I have a Ford 2600 diesel that' about 30 yrs old. In great shape. 

Do any of you add any additives to your fuel? run off road diesel


----------



## OldBuzzard (Jun 23, 2011)

I have two Bolens garden tractors that have pre-ULSD engines. One is a Wisconsin/Ducati engine and the other a Mitsubishi K3D. Parts for both of them are VERY had to find, and I was worried about the loss of lubrication with the ULSD fuel.

After a LOT of research, I settled on Opti-Lube XPD. It gets really good reviews on the net and seems to one of, if not the, best out there.

http://opti-lube.com/xpd-diesel-fuel-improver-product.html

It adds lubricity, raises the Cetane rating, and keeps the fuel flowing at down to -20.

They have a Winter Blend that is good to -50, but I really don't need anything for temps that extreme.

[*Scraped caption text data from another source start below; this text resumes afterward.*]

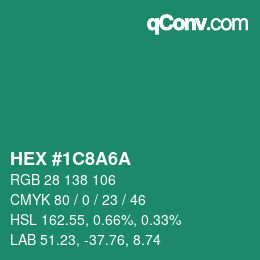 Código de color: HEX #1C8A6A | qconv.com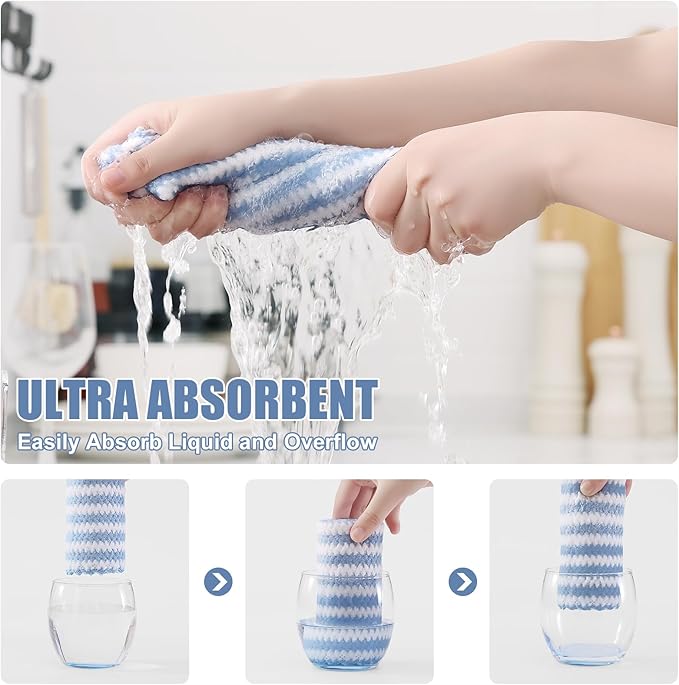 Homaxy 12 Pack Kitchen Dish Cloths, Ultra Soft and Absorbent Dish Towels - Image 3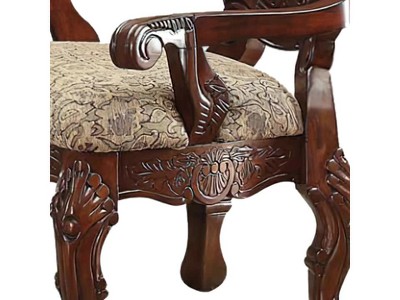 Vintage Gray Faux Leather & Bone White Wood Accent Chair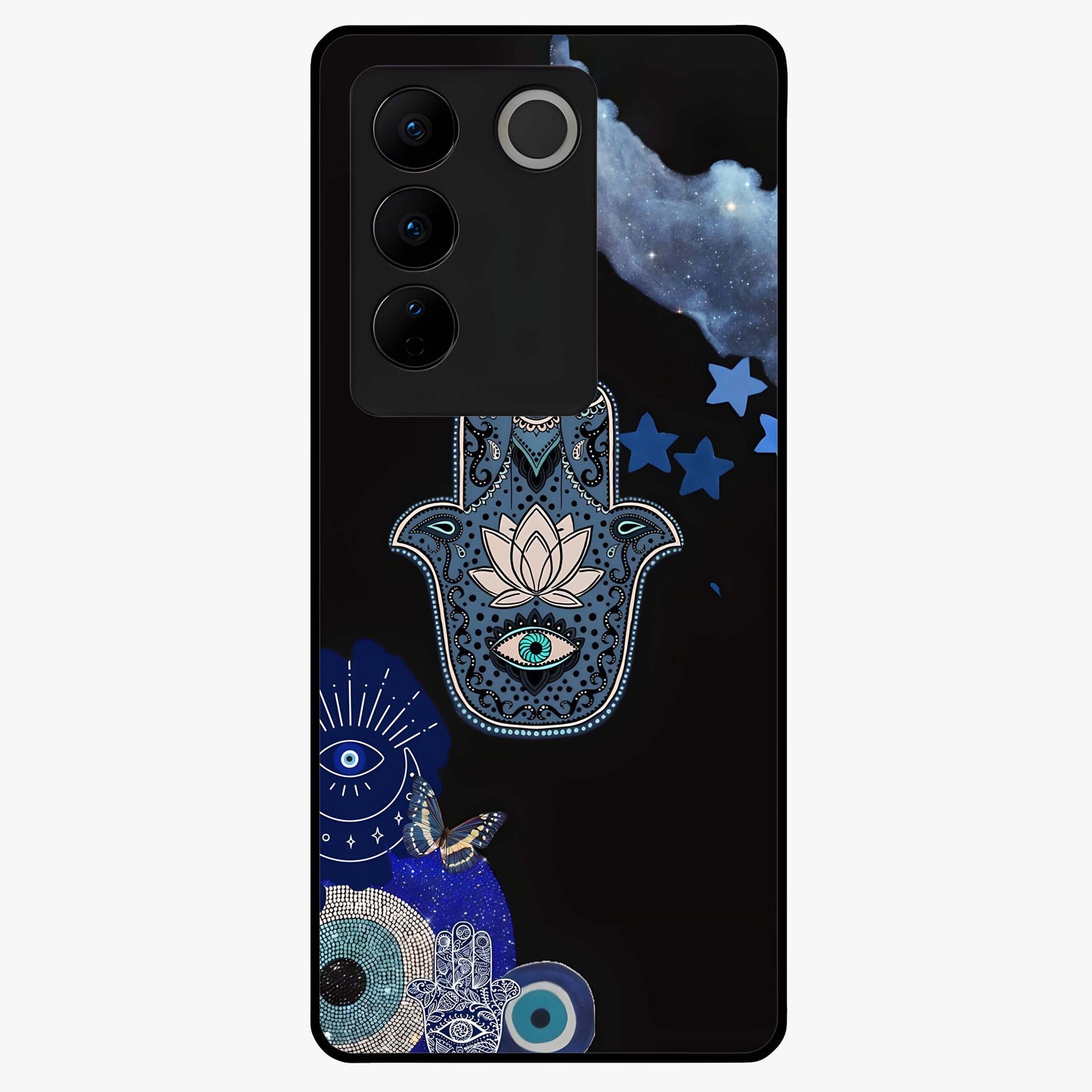 Mystic Hand Aura Glass Case showing flat back view with mystical hand symbol artwork and glossy glass finish.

Just do a Google search for it, and check it out for yourself.


----------



## Thomas (Nov 1, 2006)

I don't use off road,but come winter I do add anti gel.


----------



## bmaverick (Feb 20, 2014)

After reading third-party testing on additives, I'm not at all pleased what is available. Many of the brands are just squeak by on the claims. Some of the claims do a poor job that they create other problems. 

Oddly, the most popular brand of Power Service Diesel Keen rated very poor and near the bottom 2/3rd of the listing of nearly 100 products. I had used this for a few years and was not happy with it. It's also expensive at most of the farm and fleet stores like Rural King and TSC. 

In my area, there is only one of the top five products available. Thus, I use it. It's the 5th on the list as CRC Bio-Con. I could only get this at a local NAPA.


----------



## b349 (Jan 23, 2016)

I use stanadyne performance blend in the summer and their lubrication blend year round.


----------